In many places there are still a lot of votes in coal.

"We think there will either be an orderly or disorderly transition to the low-carbon economy. The only way we are going to get an orderly transition is by making sure that investors and governments are aware of the relative competitiveness of high-carbon assets. I expect technology, policy and novel business models will put high-carbon industries in a chokehold much sooner than many investors and governments currently realise," Gray says.

The very biggest of investors are taking note.

Carbon Tracker is working with Climate Action 100+, an alliance of institutional investors who represent about $US33 trillion of assets. They are identifying the 100-plus companies most responsible for carbon emissions in order to engage with them and make sure they align their activities with the temperature goal in the Paris Agreement.

Elsewhere, the Task Force on Climate-related Financial Disclosures, set up by Michael Bloomberg, is looking at how to use data and transparency to shine a light on climate change-related risk.

As those initiatives take hold, money is chasing green opportunities and greenwash is being replaced by genuine investment.

"We are seeing mainstream investors increasingly taking this issue seriously."

The analyst is in no doubt about the deadlines the world has.

"It is an understatement to say that the window of opportunity is closing quite quickly," he says.

We are talking about wholesale systemic changes to economies and societies within the 12-year window identified in the [Intergovernmental Panel on Climate Change] IPCC's report of late last year.

"I don't think it is impossible to prepare for this transition, but I do think time is certainly running out."

Time is short, but the pace of technological change is swift; the race here is between the two.

The satellite technology application used in the coal-asset study would have been unimaginable just three years ago, Gray says.

"As sensors become more ubiquitous, it is going to open up more and more applications for data transparency."

The only limits will be our imagination and our use of machine learning, he says.

Another example of a similar application last year involved the European Space Agency, which launched a powerful air pollution satellite called Sentinel-5P. It tracks key air pollutants such as sulphur dioxide and nitrous dioxide.
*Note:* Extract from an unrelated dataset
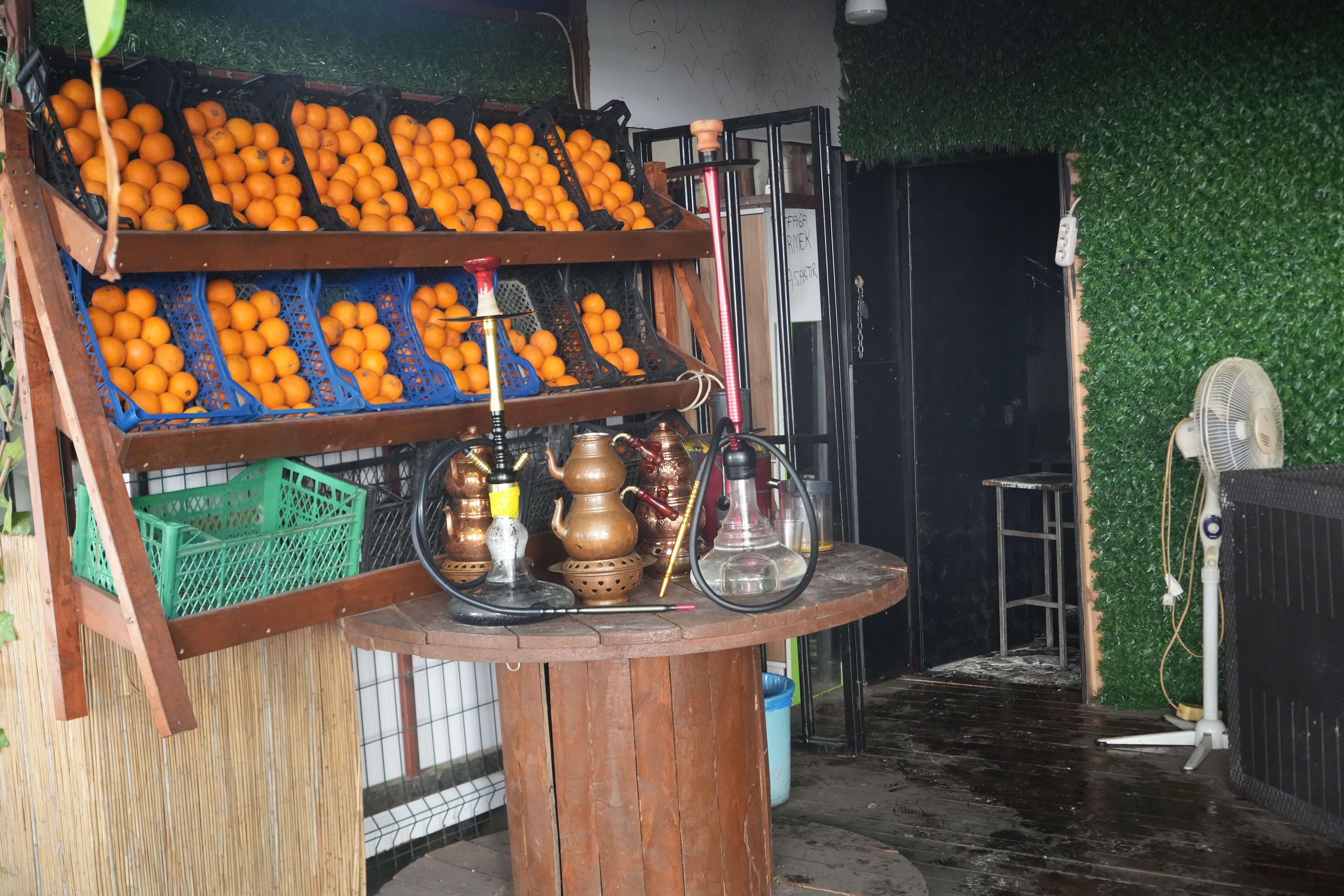 Antalya'da Zabıta Uyardı, Iş Yerini Ateşe Verdi (3)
Using that data as well as other sensors it might be possible to identify non-compliance episodes from specific assets.

"If we can do that, we can then ping that information to regulators and campaigners so they know that these non-compliance events are happening. I think this approach will be a wider trend in environmental regulation and activism and it is what I call `shadow reporting'."

In a New Zealand context, for example, satellite images could potentially be used in the future to pick up unpermitted discharges to waterways.

People harming the environment would have nowhere to hide.

As far as coal assets go, cost reductions in solar energy, in particular, have been remarkable, Gray says, indicating that technology is ready to help with the transformations required.

"India and China are deploying renewable energy, smart meters and LED lights with conviction because it is a cheap and effective industrial and development strategy. And again, that's something that would have been unimaginable five years ago," he says. "That is why I am hopeful. The Asian superpowers no longer see low-carbon development as rich country nicety, but rather a pathway to get their people out of poverty and dominate the global economy. With a credible policy framework, New Zealand is well-placed to ride this slipstream."